Dünyada eşi olmayan diğer bir yönüyse “Çocuk Bayramı” olmasıdır. Ne güzel, ne mutlu!

Bu kafadan verilen temelsiz bir hediye değildir. Mustafa Kemal’de hep bir gelecek kaygısı olmuştur. Karşı devrimcilerin pusu da olacağını kestirmekteydi. Mustafa Kemal, devrimlerin koruyucusu dinamik unsurlara ihtiyaç duymaktaydı. Gelecek, gençlerin ve onların öncülü olan çocukların ellerinde şekillenecek ve korunacaktı. Cumhuriyet’in çağdaşlık yolunda yapılandıracağı nesle güveniyordu. O nedenle diyordu ki:

“Her şeyi gençliğe bırakacağız. O gençlik ki hiçbir şeyi unutmayacaktır. İstikbal ümidinin parlak çiçekleri onlardır.”

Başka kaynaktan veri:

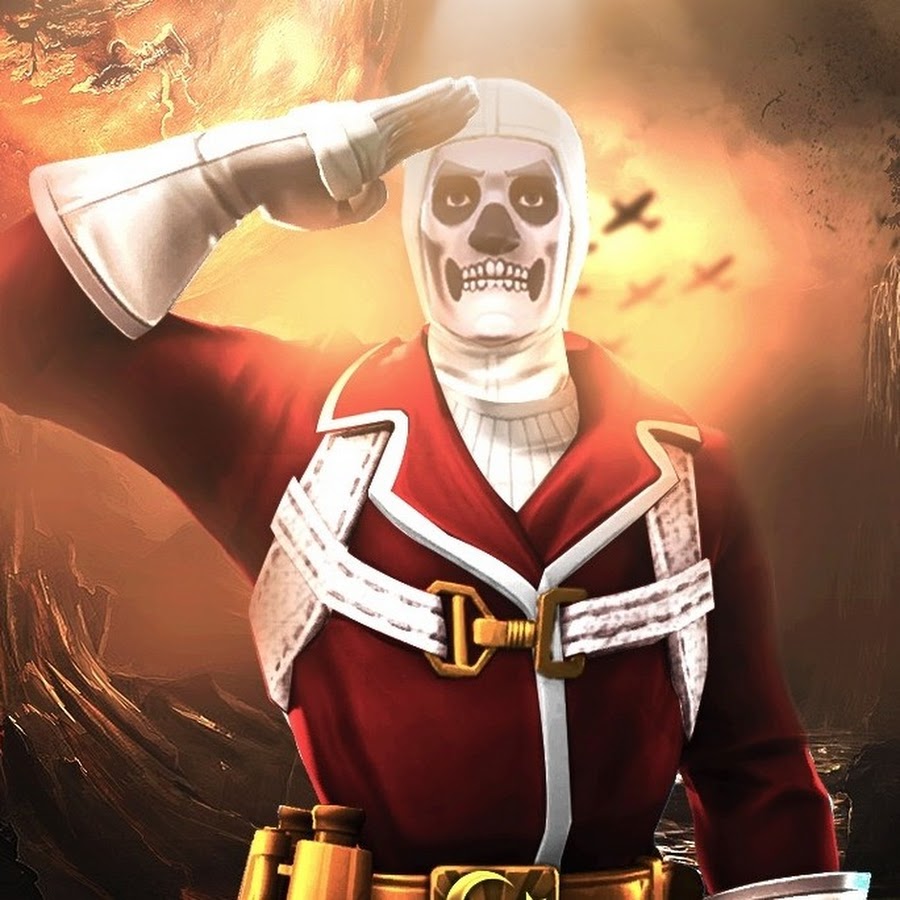 IT S ASSI TV YouTube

19 Mayıs gençlere, 23 Nisan ise gençlerin öncülleri olan çocuklara armağan edilmiştir. Büyüyünce 19 Mayıs’a kavuşacaklardır. Cumhuriyet’le birlikte büyüyeceklerdi.

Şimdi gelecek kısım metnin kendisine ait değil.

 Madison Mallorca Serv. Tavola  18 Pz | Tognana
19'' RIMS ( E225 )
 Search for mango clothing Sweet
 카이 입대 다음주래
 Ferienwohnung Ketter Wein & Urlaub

Atatürk’ün öngördüğü halk egemenliği bitmiştir. Gerilerde kalmıştır. 1950’den itibaren köreltilmeye ve gırtlaklanmaya başlanılmıştır. 2002’den bu yanaysa “Yeni Türkiye” hülyası altında büyüyenlerden şu an 30-40 yaşındakiler bile demokratik parlamenter rejim etkinliğini bilmiyorlar. Demokratik parlamenter sisteme dayalı rejim, tarih okuması olanlar için nostalji vasfına erişmiştir. Başlığımızın esbabımucibesi (gerekçesi) budur.

Eleştirel bir ara değinmede bulunduktan sonra günümüze gelmek istiyorum.

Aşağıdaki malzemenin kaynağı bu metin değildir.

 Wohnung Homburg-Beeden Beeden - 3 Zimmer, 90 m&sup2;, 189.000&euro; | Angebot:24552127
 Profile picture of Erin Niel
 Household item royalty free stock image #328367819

Aklı olanlar susarken ağzı olanlar ezberlerini kıraat eyliyorlar. Onun da iki cümleden öteye gittiği yok. Bilgi sahibi olmadan fikir beyan etmeye kalkışanlar: Tam bağımsız Türkiye karşısında duran etki ajanları ile onların suflelerini kıraat eylemeyi entelektüel birey oldum, sanısıyla iş bilen okumazlardır.

Tek adamlığı reddeden, halk egemenliğine dayanan, demokratik atılım peşinde olan Atatürk’ten başka bir lider bilen varsa parmak kaldırsın.

Zaten devrim biteli (1950) çok olmuştu. İyi kötü var olan o işlevsel Meclis de yok edilip artık yerini şekli bir meclise bırakmıştır.

Neyi kutluyoruz? Ortada olmayanın kutlaması olmaz! Nostaljisini yaşıyoruz, o kadar!

Ne acı ki devrimle devlet kuran bir partinin arkasında yedi düveli dize getiren “muhalefet külliyatı” varken şimdi muhalefet yapacak öncü kadrosu yok.